Mahalle aralarında yankılanan at nalı sesleri, çocukluğumuzun hatıralarını canlandırıyor. Sabahın erken saatlerinde mahalleye giren at arabaları, sebze, meyve ve kumaş gibi ürünleri kapınıza kadar getiriyor. Bu anlar, kent sakinleri için yalnızca bir alışveriş değil, aynı zamanda bir nostalji anıdır.

Seyyar Manav At Arabası

At arabasıyla satış yapan bu satıcılar, çocukluktan beri bu işi yapıyorlar. Babalarından devraldıkları bu geleneği, kendi çocuklarına da öğretmek istiyorlar. "Babam da at arabasıyla satış yapardı. Ben de onun izinden gidiyorum," diyor gözleri dolarak. Bu işin zorluklarını anlatsalar da, at arabasının nostaljik havası ve mahalle halkıyla kurulan sıcak bağlar, onları her gün yeniden yollara düşürüyor.

Son zamanlarda akaryakıt fiyatlarının artması, bu tür nostaljik yöntemlerin yeniden değer kazanmasına neden oldu. İnsanlar hem ekonomik hem de çevre dostu bu yönteme yöneliyor. At arabasıyla yapılan satışlar, büyük şehirlerde kaybolmuşken, küçük yerlerde hala canlılığını koruyor.

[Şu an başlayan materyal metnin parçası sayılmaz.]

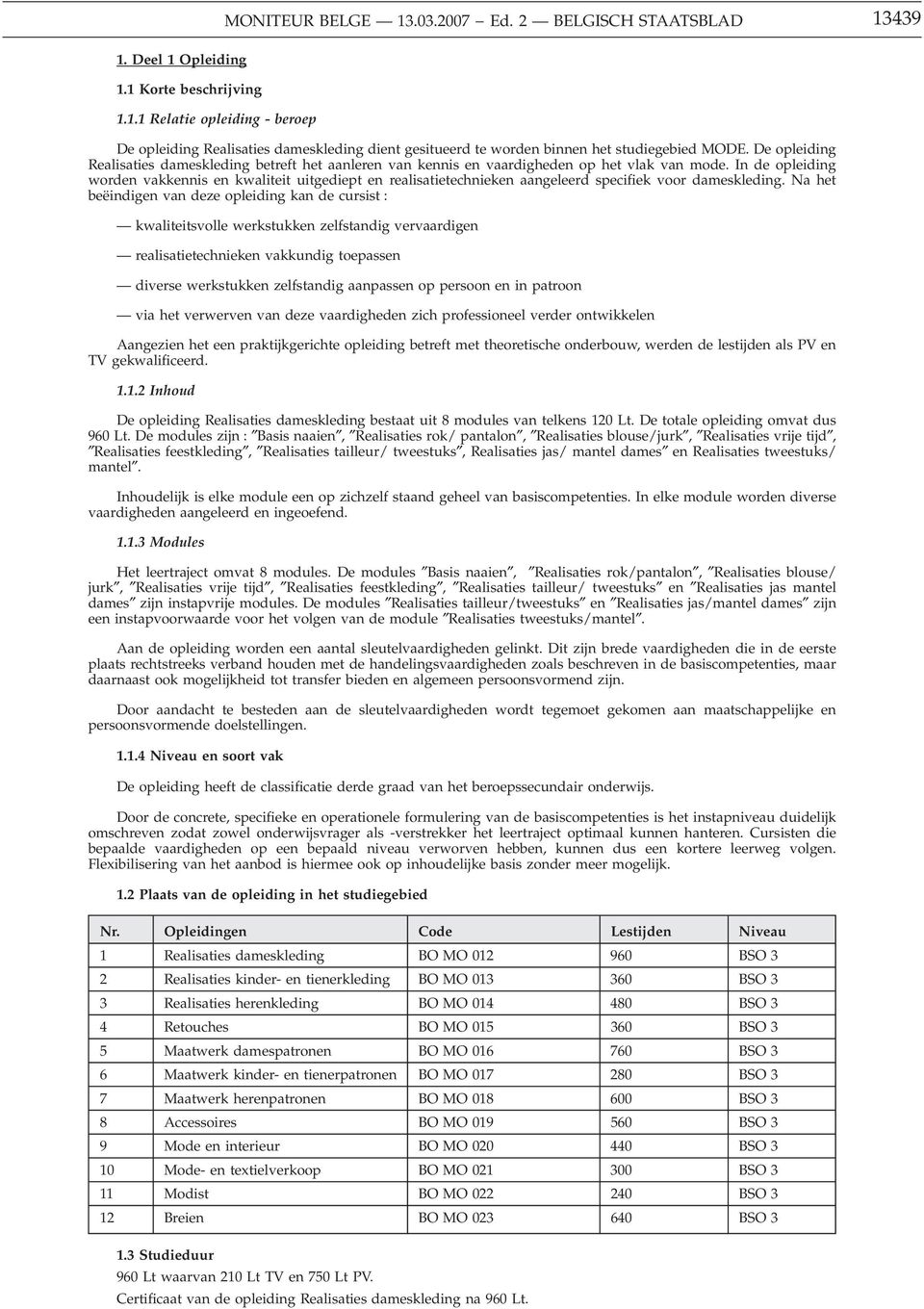 In de opleiding worden vakkennis en kwaliteit uitgediept en realisatietechnieken aangeleerd specifiek voor dameskleding.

Osmaniye’nin dar sokaklarında yankılanan at nalı sesleri, yalnızca bir satış yöntemi değil, aynı zamanda kaybolmaya yüz tutmuş bir kültürün yeniden canlanışı. Bu sesler, büyük şehirlerde kaybolan samimiyeti ve komşuluk ilişkilerini hatırlatıyor bizlere. At arabası, sadece ürün değil, geçmişin sıcaklığını da taşıyor.